Since the supposed target of the new laws is a non-existent problem - systematic or widespread fraud by individual voters - these laws, which require citizens to present a photo ID in order to vote, can only be interpreted as an attempt to further politically marginalize already marginalized populations in our country, including the elderly, the disabled, rural residents, low-income citizens and minorities.

These are the groups who are less likely to have government-issued photo identification, and often face financial and logistical hurdles in trying to obtain it.

While many have voted for years at the same polling place and are well-known to the friends and neighbors who serve as precinct election officials there, they may now be discouraged from exercising their franchise by these onerous new requirements.

In New Hampshire, where a voter ID bill is pending in the legislature but some local clerks posted the proposed law's requirements prematurely for a special election recently, voters were seen turning around at the polling-place door.

These laws can even exacerbate the very problem they are purportedly passed to combat. A clerk in South Carolina has noted that since several of the acceptable forms of ID have no address and yet must be accepted as proof of voter eligibility, the traditional duty of elections officials to ensure that people vote once and only once in their correct districts is actually undermined.
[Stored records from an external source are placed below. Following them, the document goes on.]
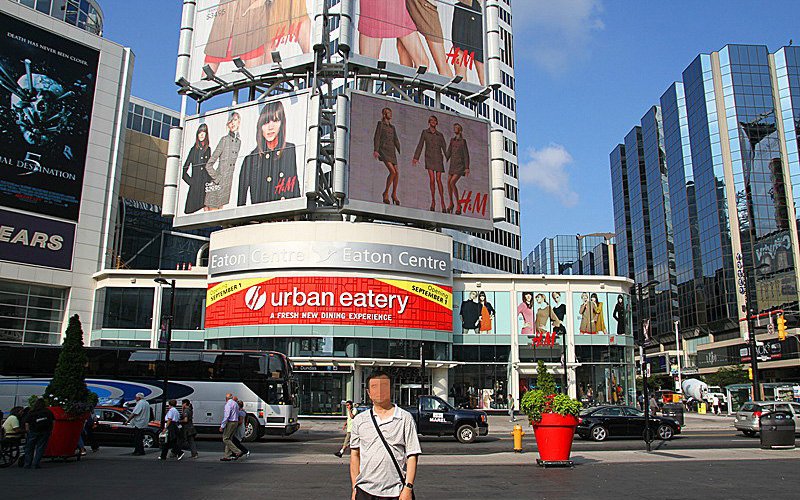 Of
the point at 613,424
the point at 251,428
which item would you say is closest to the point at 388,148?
the point at 251,428

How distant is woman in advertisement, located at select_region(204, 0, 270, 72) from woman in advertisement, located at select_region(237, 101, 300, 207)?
5.01 meters

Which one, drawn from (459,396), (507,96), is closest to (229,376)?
(459,396)

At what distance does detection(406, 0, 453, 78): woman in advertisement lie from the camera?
52.0 meters

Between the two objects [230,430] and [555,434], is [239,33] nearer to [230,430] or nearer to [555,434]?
[230,430]

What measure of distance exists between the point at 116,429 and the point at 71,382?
7.16m

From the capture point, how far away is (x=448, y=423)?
28.5 metres

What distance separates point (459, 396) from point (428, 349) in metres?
5.90

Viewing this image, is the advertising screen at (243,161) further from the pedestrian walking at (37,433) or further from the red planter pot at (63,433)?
the pedestrian walking at (37,433)

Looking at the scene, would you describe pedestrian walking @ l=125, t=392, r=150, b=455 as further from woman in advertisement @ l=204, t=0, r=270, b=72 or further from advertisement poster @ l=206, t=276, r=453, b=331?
woman in advertisement @ l=204, t=0, r=270, b=72

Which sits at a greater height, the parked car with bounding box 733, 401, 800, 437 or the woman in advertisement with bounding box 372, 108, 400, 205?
the woman in advertisement with bounding box 372, 108, 400, 205

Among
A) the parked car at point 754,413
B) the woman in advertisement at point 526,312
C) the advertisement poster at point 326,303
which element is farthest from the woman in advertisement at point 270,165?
the parked car at point 754,413

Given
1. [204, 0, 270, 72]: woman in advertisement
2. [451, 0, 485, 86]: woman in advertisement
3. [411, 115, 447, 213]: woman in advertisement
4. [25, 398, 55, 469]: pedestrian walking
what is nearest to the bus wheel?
[25, 398, 55, 469]: pedestrian walking

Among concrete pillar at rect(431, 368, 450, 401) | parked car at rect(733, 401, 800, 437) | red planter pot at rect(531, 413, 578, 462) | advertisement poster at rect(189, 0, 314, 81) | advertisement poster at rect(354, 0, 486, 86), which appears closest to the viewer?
red planter pot at rect(531, 413, 578, 462)

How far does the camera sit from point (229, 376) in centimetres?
3111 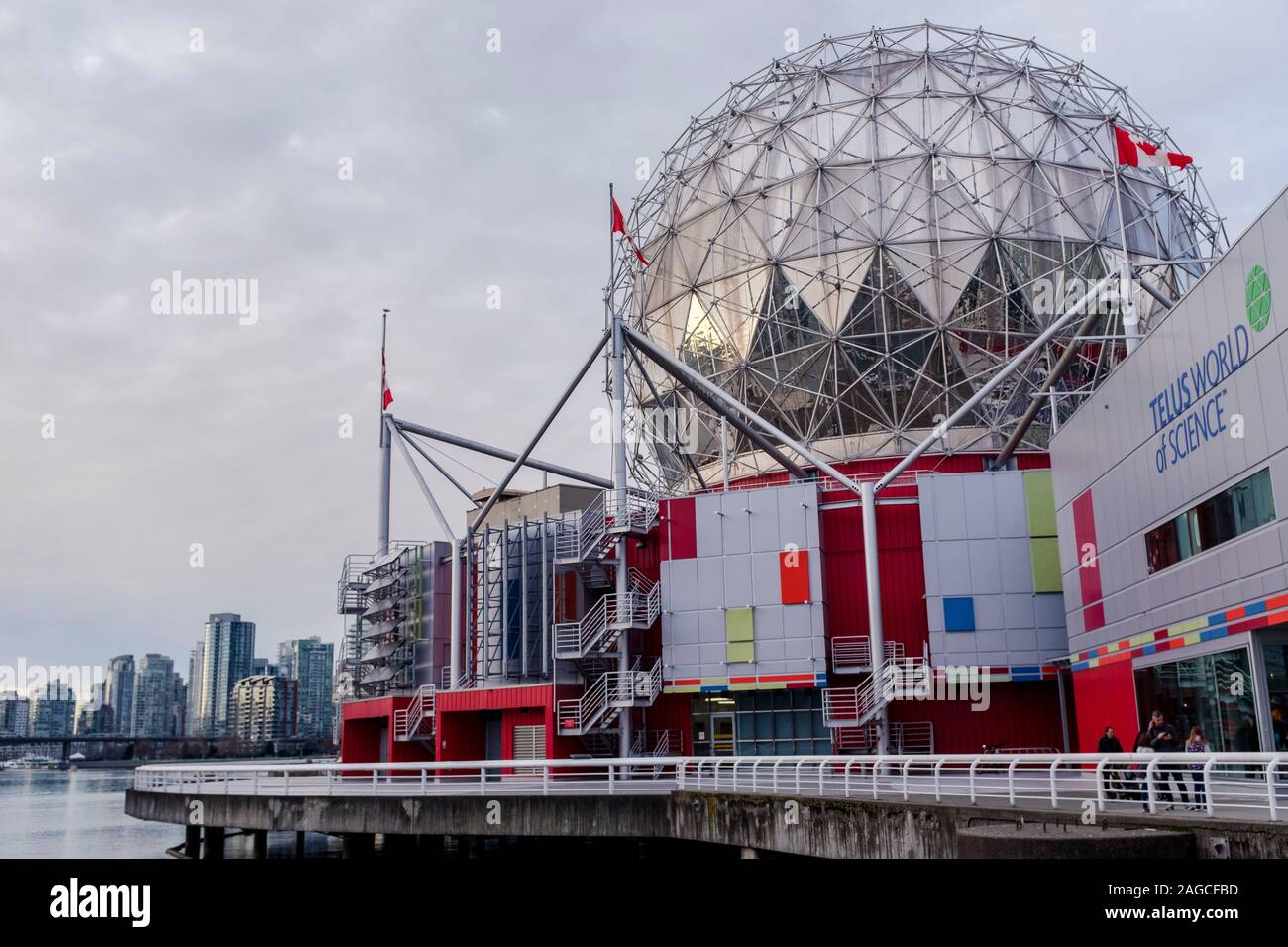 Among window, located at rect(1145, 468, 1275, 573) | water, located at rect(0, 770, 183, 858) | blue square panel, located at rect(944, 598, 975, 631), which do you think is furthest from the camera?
water, located at rect(0, 770, 183, 858)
These new ID laws are part of a larger Republican program to limit the franchise of people who are more likely to vote for Democrats, an effort that includes: suppression of the youth vote by rejecting student IDs as acceptable identification and shortening the early voting periods young people disproportionably use to exercise their franchise; voter-roll purges that target minority voters; and lifetime bans on voting by ex-felons who have paid their debt to society.

The sanctity of the ballot is in no danger in our republic, but the trust and engagement of the American people in their own political system is.

Even as citizens across the Middle East are basking in newfound opportunities for political expression in the warmth of the Arab Spring, Republican politicians in America are limiting democracy with chilling voter suppression laws. Long ago we should have learned that the problems of democracy are resolved by more democracy, not less.